Instead of including sync.WaitGroup
, you can expand the send result to a parsed URL and include the number of new URLs found. In your main loop, you continue to read the results until you collect something.
In your case, the number of URLs found will contain the number of running procedures, but this is not necessary. I would personally create a more or less fixed number of procedures so that you do not open too many HTTP requests (or at least you have control over it). Then your main loop will not change, since it doesn't matter how the fetch is done. The important fact here is that you need to send a result or error for each URL - I changed the code here, so it does not generate new routines when the depth is already 1.
A side effect of this solution is that you can easily print the progress in your main loop.
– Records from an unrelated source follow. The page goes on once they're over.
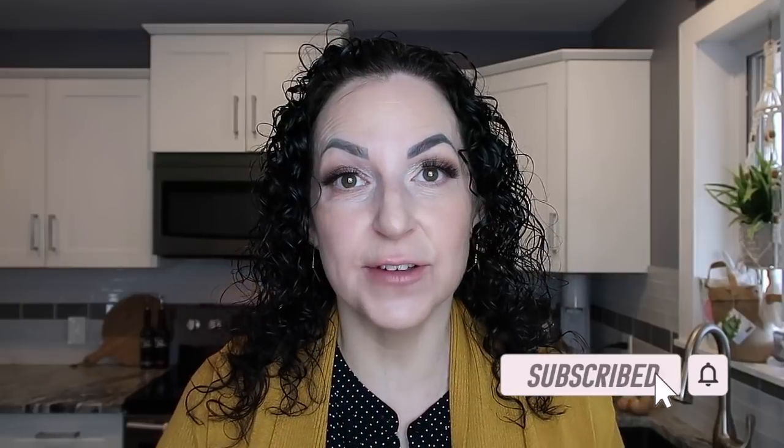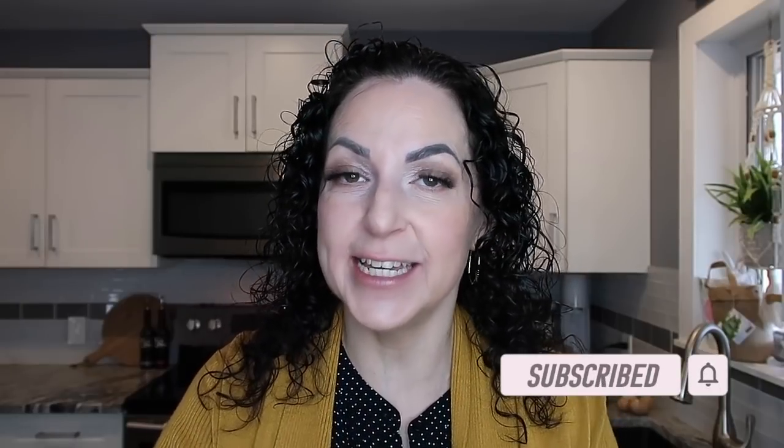Hello everyone, welcome back to my channel. It's Janet and if you're new here, make sure you hit that red subscribe button. Give this video a like to let me know that you're liking my content and don't forget to hit that notification bell so YouTube can notify you when I upload a new video. And if you're one of my returning subscribers, thank you so much for being here and welcome back.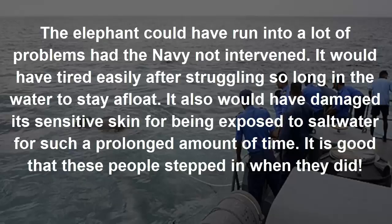It would have tired easily after struggling so long in the water to stay afloat. It also would have damaged its sensitive skin from being exposed to salt water for such a prolonged amount of time.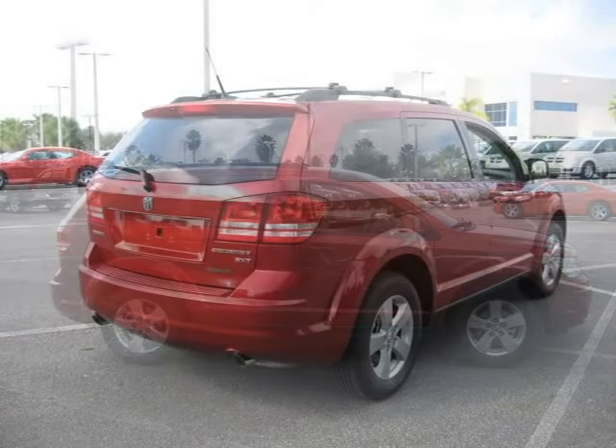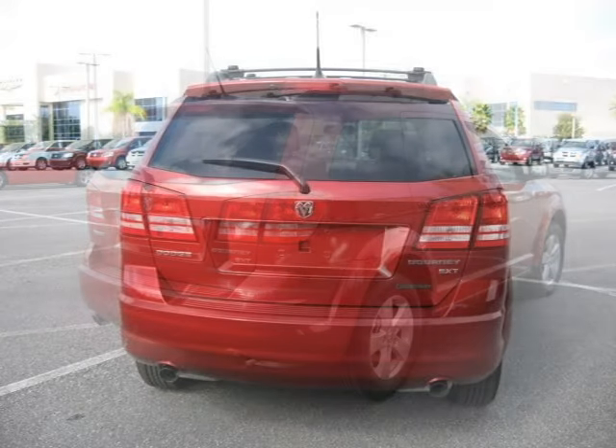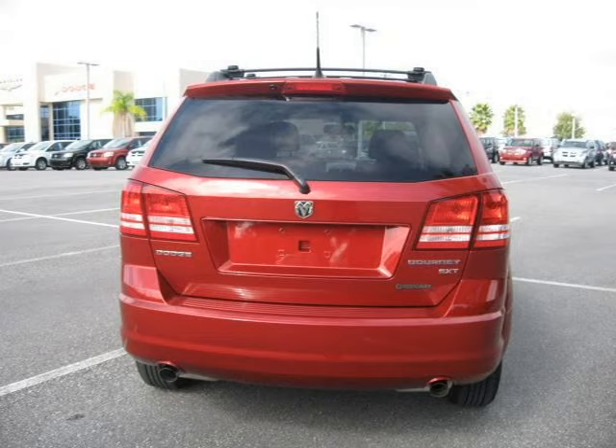This 2010 Dodge Journey Sport Utility is located in Orlando, FL and has 6 miles on it. This Sport Utility has a beautiful red exterior paint color which is complemented by a interior color.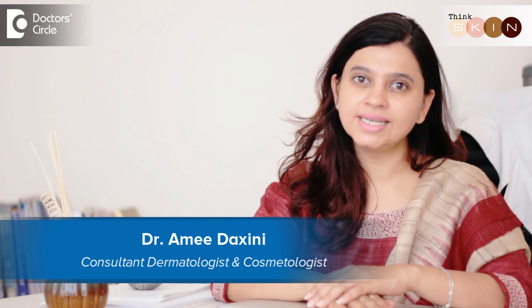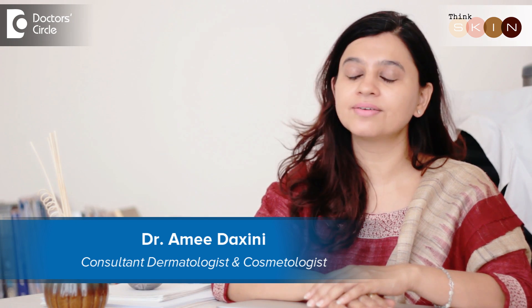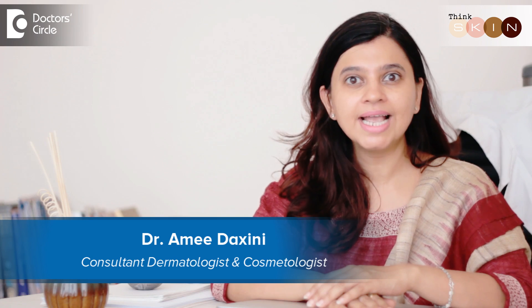Hi, I'm Dr. Amit Dakshini. I'm a consulting dermatologist and cosmetologist and I run a clinic called Think Skin Clinic. It is just off Sarjapur Road in Bangalore.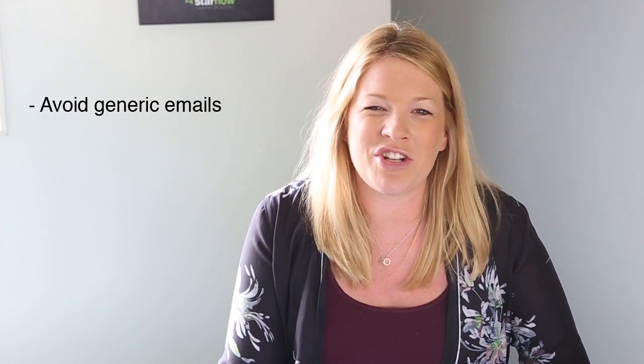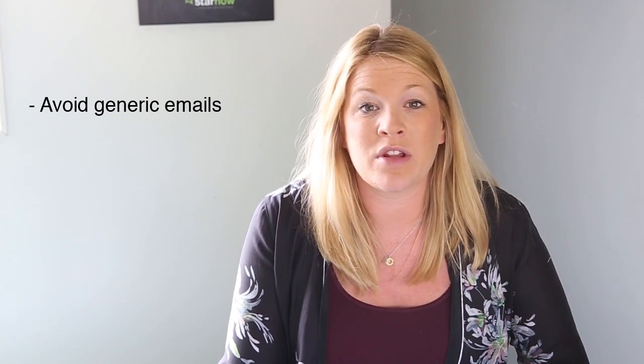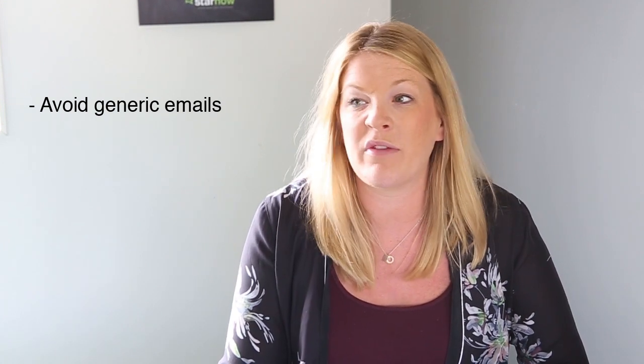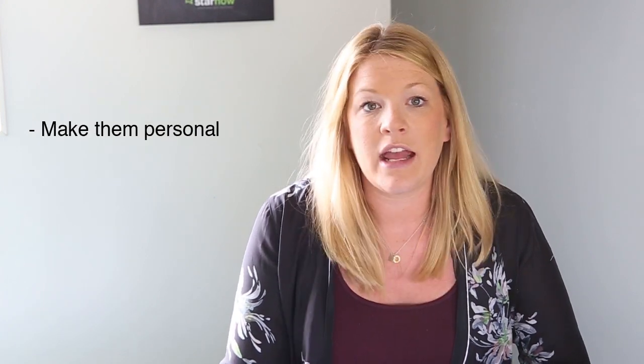Avoid sending generic emails. Generic emails can be spotted a mile off and it's really important that the casting professional feels that you really want that particular job, and that you haven't applied for hundreds of jobs that day and you don't really mind which one you get. If there's a name in the casting of a production company or a casting director, make sure you use that. It shows that you've read the casting and that it's really personal.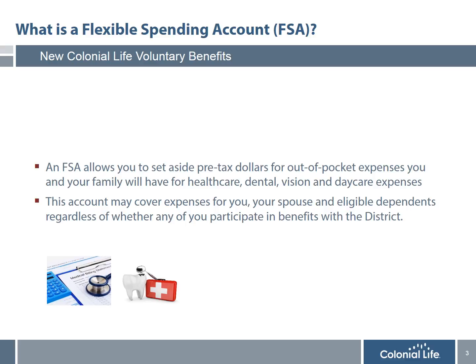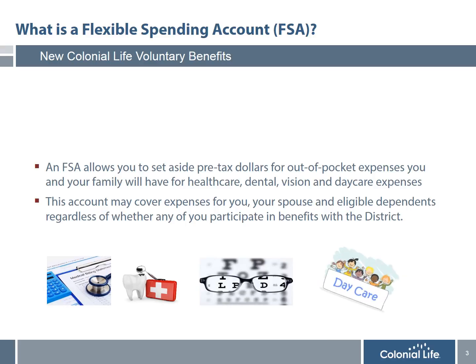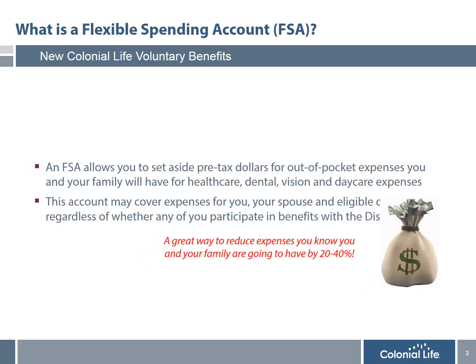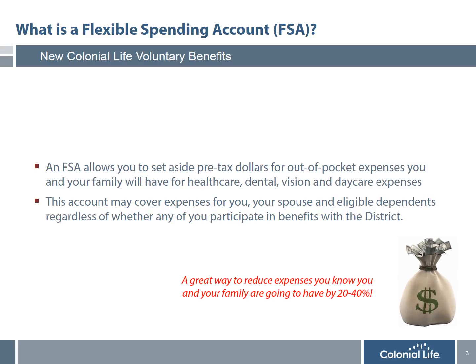Dental expenses — even the best dental plans leave most people with large out-of-pocket costs for things like orthodontia, crowns, bridges, and major dental procedures. Eye doctor appointments, prescriptions, co-payments, contacts — all of those expenses add up and can be very expensive. And also daycare expenses. The bottom line is that while insurance is great for unexpected expenses, an FSA is a great way to save 20-40% on expenses you know you're going to have.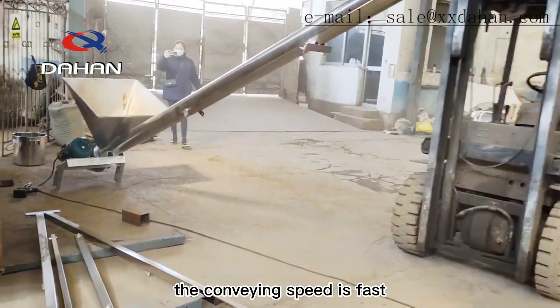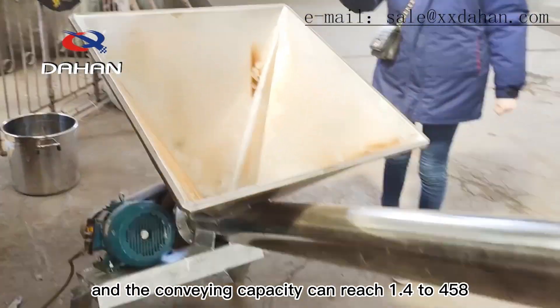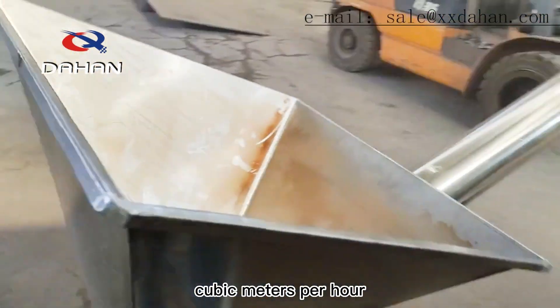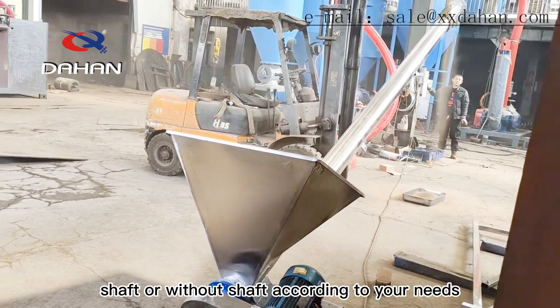The conveying speed is fast, the output is large, and the conveying capacity can reach 1.4 to 458 cubic meters per hour. You can choose the screw conveyor with shaft or without shaft according to your needs.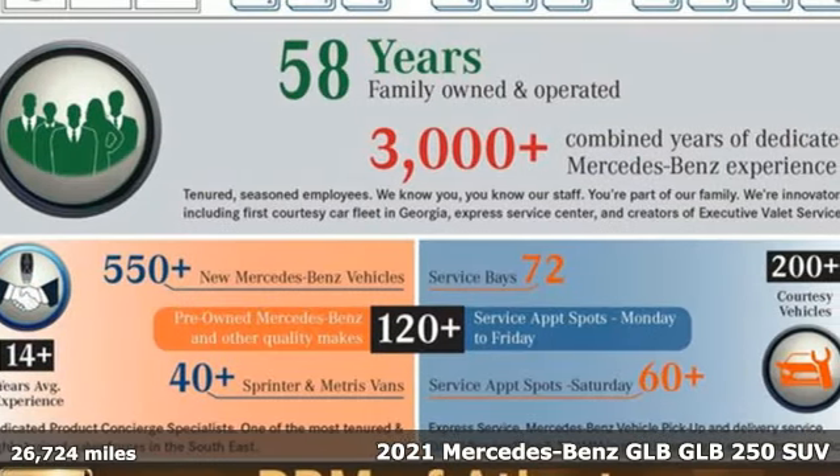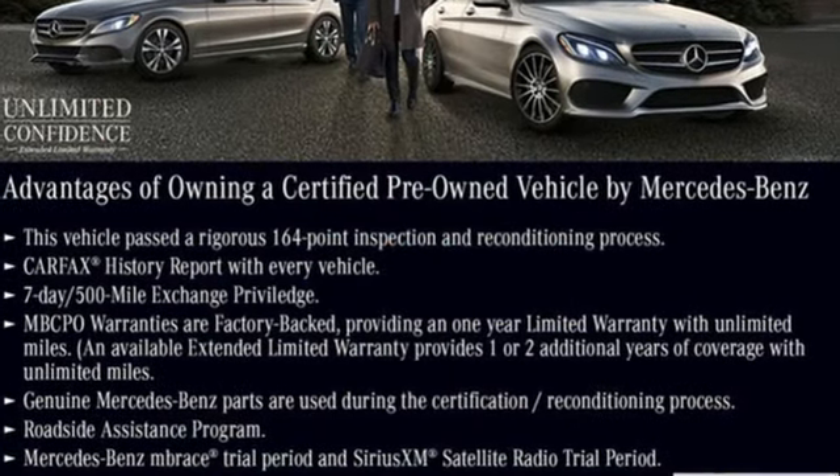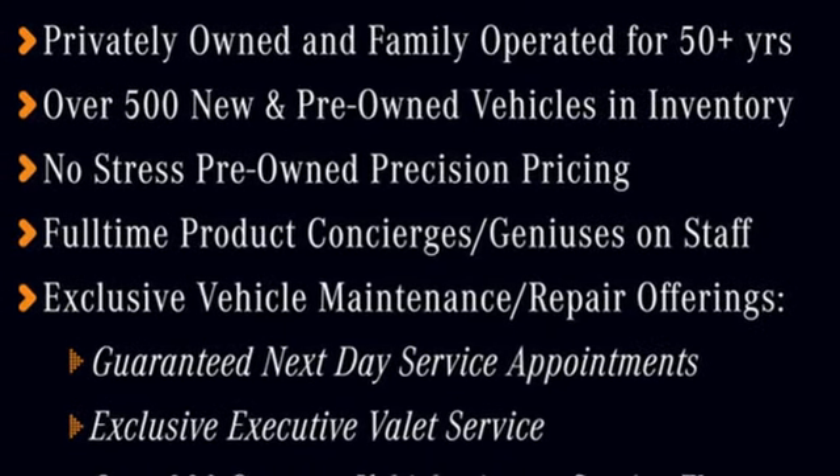Features include auto shift manual transmission, gas pressurized shocks, streaming audio, memory exterior door mirror settings, dual zone climate control, configurable instrument gauges, and external memory control.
Here is an example on the playground:
http://play.golang.org/p/BRlUc6bojf
package main import ( "fmt" ) type Fetcher interface { // Fetch returns the body of URL and // a slice of URLs found on that page. Fetch(url string) (body string, urls []string, err error) } type Res struct { url string body string found int // Number of new urls found } // Crawl uses fetcher to recursively crawl // pages starting with url, to a maximum of depth. func Crawl(url string, depth int, fetcher Fetcher, ch chan Res, errs chan error, visited map[string]bool) { body, urls, err := fetcher.Fetch(url) visited[url] = true if err != nil { errs <- err return } newUrls := 0 if depth > 1 { for _, u := range urls { if !visited[u] { newUrls++ go Crawl(u, depth-1, fetcher, ch, errs, visited) } } } // Send the result along with number of urls to be fetched ch <- Res{url, body, newUrls} return } func main() { ch := make(chan Res) errs := make(chan error) visited := map[string]bool{} go Crawl("http://golang.org/", 4, fetcher, ch, errs, visited) tocollect := 1 for n := 0; n < tocollect; n++ { select { case s := <-ch: fmt.Printf("found: %s %q\n", s.url, s.body) tocollect += s.found case e := <-errs: fmt.Println(e) } } } // fakeFetcher is Fetcher that returns canned results. type fakeFetcher map[string]*fakeResult type fakeResult struct { body string urls []string } func (f fakeFetcher) Fetch(url string) (string, []string, error) { if res, ok := f[url]; ok { return res.body, res.urls, nil } return "", nil, fmt.Errorf("not found: %s", url) } // fetcher is a populated fakeFetcher. var fetcher = fakeFetcher{ "http://golang.org/": &fakeResult{ "The Go Programming Language", []string{ "http://golang.org/pkg/", "http://golang.org/cmd/", }, }, "http://golang.org/pkg/": &fakeResult{ "Packages", []string{ "http://golang.org/", "http://golang.org/cmd/", "http://golang.org/pkg/fmt/", "http://golang.org/pkg/os/", }, }, "http://golang.org/pkg/fmt/": &fakeResult{ "Package fmt", []string{ "http://golang.org/", "http://golang.org/pkg/", }, }, "http://golang.org/pkg/os/": &fakeResult{ "Package os", []string{ "http://golang.org/", "http://golang.org/pkg/", }, }, }
And yes, follow @jimt's advice and provide access to a safe stream.